▸ AIM OF THE TASK: For each line of the listing, output an exact copy.

▸ INPUT:

+ + +

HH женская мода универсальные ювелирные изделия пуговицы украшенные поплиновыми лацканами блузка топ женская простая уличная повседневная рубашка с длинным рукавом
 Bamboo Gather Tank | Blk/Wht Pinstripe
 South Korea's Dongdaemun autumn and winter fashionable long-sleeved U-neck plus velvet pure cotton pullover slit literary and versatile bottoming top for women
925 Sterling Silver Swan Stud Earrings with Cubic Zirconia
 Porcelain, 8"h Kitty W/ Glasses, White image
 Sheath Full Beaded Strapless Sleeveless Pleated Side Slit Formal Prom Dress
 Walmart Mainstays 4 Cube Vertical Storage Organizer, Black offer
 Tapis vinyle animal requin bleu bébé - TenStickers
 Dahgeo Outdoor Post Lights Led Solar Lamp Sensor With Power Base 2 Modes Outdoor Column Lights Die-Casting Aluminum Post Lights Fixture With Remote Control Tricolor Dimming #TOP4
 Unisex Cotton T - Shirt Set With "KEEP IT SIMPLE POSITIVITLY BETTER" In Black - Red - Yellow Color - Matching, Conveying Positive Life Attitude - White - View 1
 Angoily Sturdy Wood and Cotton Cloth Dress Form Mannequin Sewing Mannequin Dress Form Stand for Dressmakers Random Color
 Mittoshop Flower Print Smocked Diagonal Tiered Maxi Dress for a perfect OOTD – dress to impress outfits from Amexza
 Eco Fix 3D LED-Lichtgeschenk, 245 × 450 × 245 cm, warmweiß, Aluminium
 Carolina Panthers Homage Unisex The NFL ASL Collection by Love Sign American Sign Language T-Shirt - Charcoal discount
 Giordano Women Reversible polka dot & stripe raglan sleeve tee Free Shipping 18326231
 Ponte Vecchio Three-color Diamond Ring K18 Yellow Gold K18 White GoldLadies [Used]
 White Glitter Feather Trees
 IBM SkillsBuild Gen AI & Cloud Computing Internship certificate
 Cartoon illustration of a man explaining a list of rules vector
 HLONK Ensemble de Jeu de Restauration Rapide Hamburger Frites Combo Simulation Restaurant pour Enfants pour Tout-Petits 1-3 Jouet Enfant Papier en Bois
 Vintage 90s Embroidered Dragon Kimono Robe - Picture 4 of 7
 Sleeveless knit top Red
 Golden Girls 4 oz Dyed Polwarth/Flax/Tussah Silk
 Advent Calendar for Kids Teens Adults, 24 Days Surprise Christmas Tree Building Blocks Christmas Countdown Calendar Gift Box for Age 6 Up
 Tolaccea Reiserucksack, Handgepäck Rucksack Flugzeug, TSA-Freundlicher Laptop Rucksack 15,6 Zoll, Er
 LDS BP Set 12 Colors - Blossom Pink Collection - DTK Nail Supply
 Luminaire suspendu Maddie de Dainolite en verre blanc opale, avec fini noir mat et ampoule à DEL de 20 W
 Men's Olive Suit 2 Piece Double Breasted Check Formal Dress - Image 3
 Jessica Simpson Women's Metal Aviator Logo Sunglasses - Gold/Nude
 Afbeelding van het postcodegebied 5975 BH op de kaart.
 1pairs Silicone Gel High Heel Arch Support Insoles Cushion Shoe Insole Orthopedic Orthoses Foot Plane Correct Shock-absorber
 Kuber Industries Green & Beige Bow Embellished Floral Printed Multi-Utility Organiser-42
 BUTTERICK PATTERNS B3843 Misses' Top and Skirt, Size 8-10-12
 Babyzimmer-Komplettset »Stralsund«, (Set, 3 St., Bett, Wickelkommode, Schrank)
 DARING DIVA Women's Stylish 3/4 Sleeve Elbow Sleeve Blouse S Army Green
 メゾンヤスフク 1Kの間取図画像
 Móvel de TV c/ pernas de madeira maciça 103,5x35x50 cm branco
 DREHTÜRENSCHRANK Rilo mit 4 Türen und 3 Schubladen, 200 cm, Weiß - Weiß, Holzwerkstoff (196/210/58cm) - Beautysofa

+ + +

▸ ANSWER BELOW:
HH женская мода универсальные ювелирные изделия пуговицы украшенные поплиновыми лацканами блузка топ женская простая уличная повседневная рубашка с длинным рукавом
 Bamboo Gather Tank | Blk/Wht Pinstripe
 South Korea's Dongdaemun autumn and winter fashionable long-sleeved U-neck plus velvet pure cotton pullover slit literary and versatile bottoming top for women
925 Sterling Silver Swan Stud Earrings with Cubic Zirconia
 Porcelain, 8"h Kitty W/ Glasses, White image
 Sheath Full Beaded Strapless Sleeveless Pleated Side Slit Formal Prom Dress
 Walmart Mainstays 4 Cube Vertical Storage Organizer, Black offer
 Tapis vinyle animal requin bleu bébé - TenStickers
 Dahgeo Outdoor Post Lights Led Solar Lamp Sensor With Power Base 2 Modes Outdoor Column Lights Die-Casting Aluminum Post Lights Fixture With Remote Control Tricolor Dimming #TOP4
 Unisex Cotton T - Shirt Set With "KEEP IT SIMPLE POSITIVITLY BETTER" In Black - Red - Yellow Color - Matching, Conveying Positive Life Attitude - White - View 1
 Angoily Sturdy Wood and Cotton Cloth Dress Form Mannequin Sewing Mannequin Dress Form Stand for Dressmakers Random Color
 Mittoshop Flower Print Smocked Diagonal Tiered Maxi Dress for a perfect OOTD – dress to impress outfits from Amexza
 Eco Fix 3D LED-Lichtgeschenk, 245 × 450 × 245 cm, warmweiß, Aluminium
 Carolina Panthers Homage Unisex The NFL ASL Collection by Love Sign American Sign Language T-Shirt - Charcoal discount
 Giordano Women Reversible polka dot & stripe raglan sleeve tee Free Shipping 18326231
 Ponte Vecchio Three-color Diamond Ring K18 Yellow Gold K18 White GoldLadies [Used]
 White Glitter Feather Trees
 IBM SkillsBuild Gen AI & Cloud Computing Internship certificate
 Cartoon illustration of a man explaining a list of rules vector
 HLONK Ensemble de Jeu de Restauration Rapide Hamburger Frites Combo Simulation Restaurant pour Enfants pour Tout-Petits 1-3 Jouet Enfant Papier en Bois
 Vintage 90s Embroidered Dragon Kimono Robe - Picture 4 of 7
 Sleeveless knit top Red
 Golden Girls 4 oz Dyed Polwarth/Flax/Tussah Silk
 Advent Calendar for Kids Teens Adults, 24 Days Surprise Christmas Tree Building Blocks Christmas Countdown Calendar Gift Box for Age 6 Up
 Tolaccea Reiserucksack, Handgepäck Rucksack Flugzeug, TSA-Freundlicher Laptop Rucksack 15,6 Zoll, Er
 LDS BP Set 12 Colors - Blossom Pink Collection - DTK Nail Supply
 Luminaire suspendu Maddie de Dainolite en verre blanc opale, avec fini noir mat et ampoule à DEL de 20 W
 Men's Olive Suit 2 Piece Double Breasted Check Formal Dress - Image 3
 Jessica Simpson Women's Metal Aviator Logo Sunglasses - Gold/Nude
 Afbeelding van het postcodegebied 5975 BH op de kaart.
 1pairs Silicone Gel High Heel Arch Support Insoles Cushion Shoe Insole Orthopedic Orthoses Foot Plane Correct Shock-absorber
 Kuber Industries Green & Beige Bow Embellished Floral Printed Multi-Utility Organiser-42
 BUTTERICK PATTERNS B3843 Misses' Top and Skirt, Size 8-10-12
 Babyzimmer-Komplettset »Stralsund«, (Set, 3 St., Bett, Wickelkommode, Schrank)
 DARING DIVA Women's Stylish 3/4 Sleeve Elbow Sleeve Blouse S Army Green
 メゾンヤスフク 1Kの間取図画像
 Móvel de TV c/ pernas de madeira maciça 103,5x35x50 cm branco
 DREHTÜRENSCHRANK Rilo mit 4 Türen und 3 Schubladen, 200 cm, Weiß - Weiß, Holzwerkstoff (196/210/58cm) - Beautysofa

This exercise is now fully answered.